2023年6月30日金曜日

テネシー・ウィリアムズ「欲望という名の電車」(1947)

テネシー・ウィリアムズ「欲望という名の電車 A Streetcar Named Desire」(1947)を読む。小田島雄志訳の1988年新潮文庫(平成24年30刷)で読む。
(小田島せんせいは一昔前はニュースバラエティのコメンテーターなどでテレビでよく見た人だった。もう亡くなってるのかな?と思ったが、調べてみたら92歳の現在も存命中らしい。次男の小田島恒志も英米文学者で「欲望という名の電車」の邦訳本を出してる。)

テネシー・ウィリアムズ(Tennessee Williams 1911-1983)を読むのは初めて。
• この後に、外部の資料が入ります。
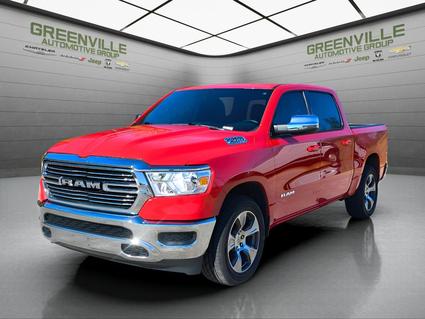 2024 Ram 1500 Greenville AL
オビには「アメリカ文学史、演劇史に燦然と輝く、ピューリッツァー賞受賞作。」とある。調べてみたら、ピューリッツァー賞には文学賞もあるらしい。

この作品はブロードウェー初演から話題作。エリア・カザンの映画(ヴィヴィアン・リー、キム・ハンター、マーロン・ブランド、カール・マルデンほかというキャスト)で有名。日本でも上演の機会の多い人気作。
だが自分がこの作品を知った最初はアンドレ・プレヴィン作曲によるオペラだった。
今回、BOで110円で文庫本が売られていたので読んでみようかと連れ帰った。

ブランチ・デュボアという女がニューオーリンズ・フレンチ・クォーターの妹夫妻の狭くてボロい安アパートへ転がり込んでくる。

元は裕福な名家の屋敷ベルリーヴに住んでいたのだが、妹が結婚し出て行った後、家族も親戚も次々と亡くなり、葬儀のたびにお金を出費し、抵当に入っていた屋敷を失い、安月給の教師の仕事にも疲れ果て、流浪の末に路面電車で妹ステラの元へたどりついた。
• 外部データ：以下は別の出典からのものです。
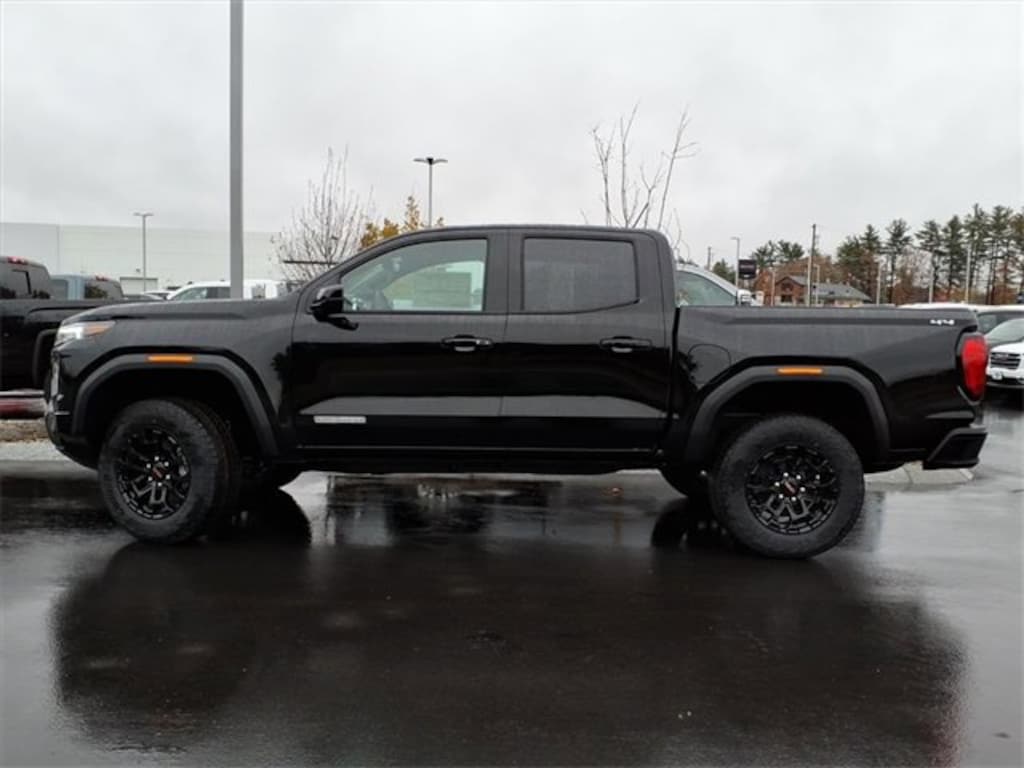 New 2026 GMC Canyon Elevation Truck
ステラは育ちがいいので上品だが、夫のスタンリー・コワルスキーは教養も品もない粗暴な男。友人たちとボーリングやポーカー。妻ステラには暴力を振るい、姉ブランチはヒステリックに怯える。「あの男はきちがいにちがいない」

お金のない女の悲哀。だんだんと明かされるブランチのこれまでの過去。教師をしていた街にいられなくなった理由をスタンリーとミッチに知られてしまう。
虚栄心と虚言のブランチを追い詰めていくスタンリー。なんとか正常を保っていたブランチの精神の崩壊。読んでるだけでいたたまれない。
これはそのまま現代日本の女性そのもの。没落し漂流する悲しみ。女性に限ったことじゃない。ブランチには同情。

今回、わりと1ページごとに、動作とセリフのタイミングを考えながらしっかり慎重に読み進めた。演じる役者をイメージしながら読んだ。英米文学らしく会話がおしゃれだしユーモアも感じる。
作者は音楽を詳しく指定してる。音量とタイミングも指定してる。しかし、それがどんな曲なのかよくわからない。